Marcelo afirma que ele deixou a casa em junho, com a ajuda de Jair Renan, e passou algumas semanas no apartamento de Jair Bolsonaro, no Sudoeste, também em Brasília. Em agosto, retornou ao Rio de Janeiro, porém, antes disto, procurou Ministério Público do Trabalho no Distrito Federal e fez uma denúncia de violações trabalhistas contra a advogada. O MPT no DF confirmou à coluna que o empregado, de fato, fez a denúncia e uma investigação foi aberta para apurar o que aconteceu.


O ex-funcionário nunca teve sua carteira assinada por Ana Cristina, tampouco por Jair Bolsonaro, quando o presidente o contratou para ser babá de Jair Renan. Ele conta ter conhecido a advogada por meio de um namorado dele, em 2002, que era cabeleireiro de Ana Cristina. Sabendo que ela era casada com Jair Bolsonaro, o cabeleireiro pediu a ela um emprego para Marcelo. Ana Cristina teria, então, indicado Marcelo para a campanha de Flávio a deputado estadual.

Após a eleição, ele assumiu um cargo de assessor parlamentar de nível quatro no gabinete de Flávio Bolsonaro, onde trabalhou de 19 de fevereiro de 2003 a 6 de agosto de 2007, com salário bruto oficial de R$ 7.326. A coluna confirmou no Diário Oficial da Alerj todas essas informações.

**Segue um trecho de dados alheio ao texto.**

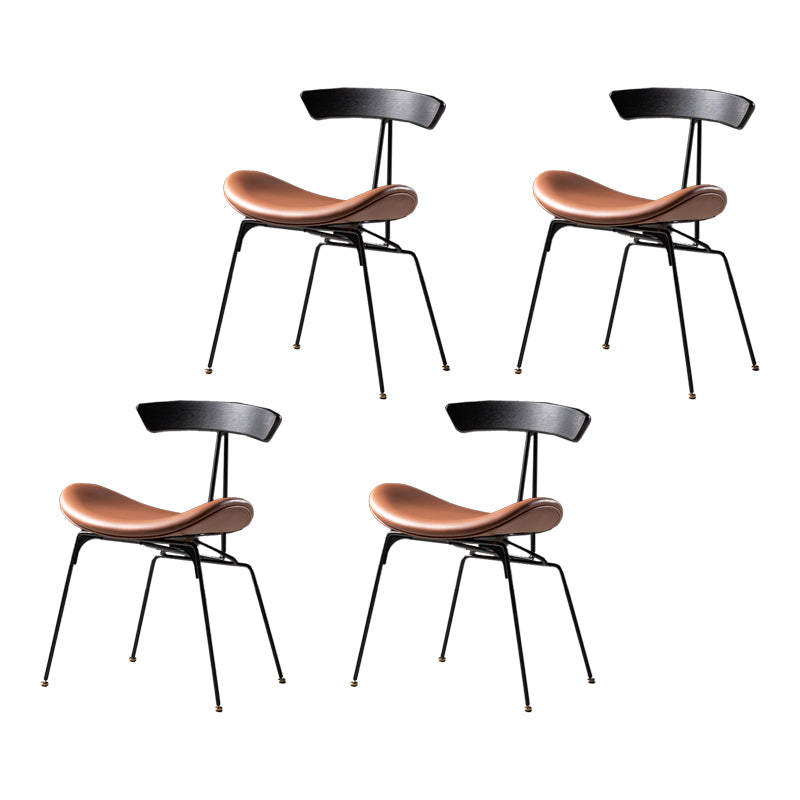 El cuero del estilo industrial que cena las sillas sin brazos abre la parte posterior que cena la silla lateral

A própria Ana Cristina teria determinado a devolução de parte do salário. O esquema foi colocado como condição para obtenção do emprego. Jair, Flávio e Carlos teriam, segundo ele, conhecimento de tudo. Ainda de acordo com Marcelo, os percentuais repassados variavam caso a caso, e alguns dos funcionários eram também fantasmas.

Marcelo diz, no entanto, que, com o passar do tempo, Flávio e Carlos ficaram incomodados com o fato de ser Ana Cristina quem comandava o esquema, e passaram a ter embates com a madrasta. Ele chegou até a trabalhar com Fabrício Queiroz, mas num período em que o então PM ainda não era um dos cabeças do que o Ministério Público do Rio de Janeiro chamou de organização criminosa voltada para os crimes de peculato, lavagem de dinheiro, organização criminosa e apropriação indébita.

O MP do Rio de Janeiro já investigava Marcelo Luiz, inclusive ele foi uma das pessoas que tiveram os sigilos fiscal e bancário quebrados pela Justiça do Rio em abril de 2019.

A defesa de Flávio Bolsonaro afirmou para a coluna que publicou a matéria, que o parlamentar desconhece as afirmações de Marcelo Luiz Nogueira dos Santos. Também disse não saber de supostas irregularidades que possam ter sido praticadas por ex-servidores da Alerj ou possíveis acertos financeiros que eventualmente tenham sido firmados entre esses profissionais. A nota ainda afirmou que Flávio sempre seguiu as regras da Assembleia Legislativa e que tem sido vítima de uma campanha de difamação.

Ana Cristina também foi procurada por Guilherme Amado para apresentar sua versão dos fatos, mas não respondeu.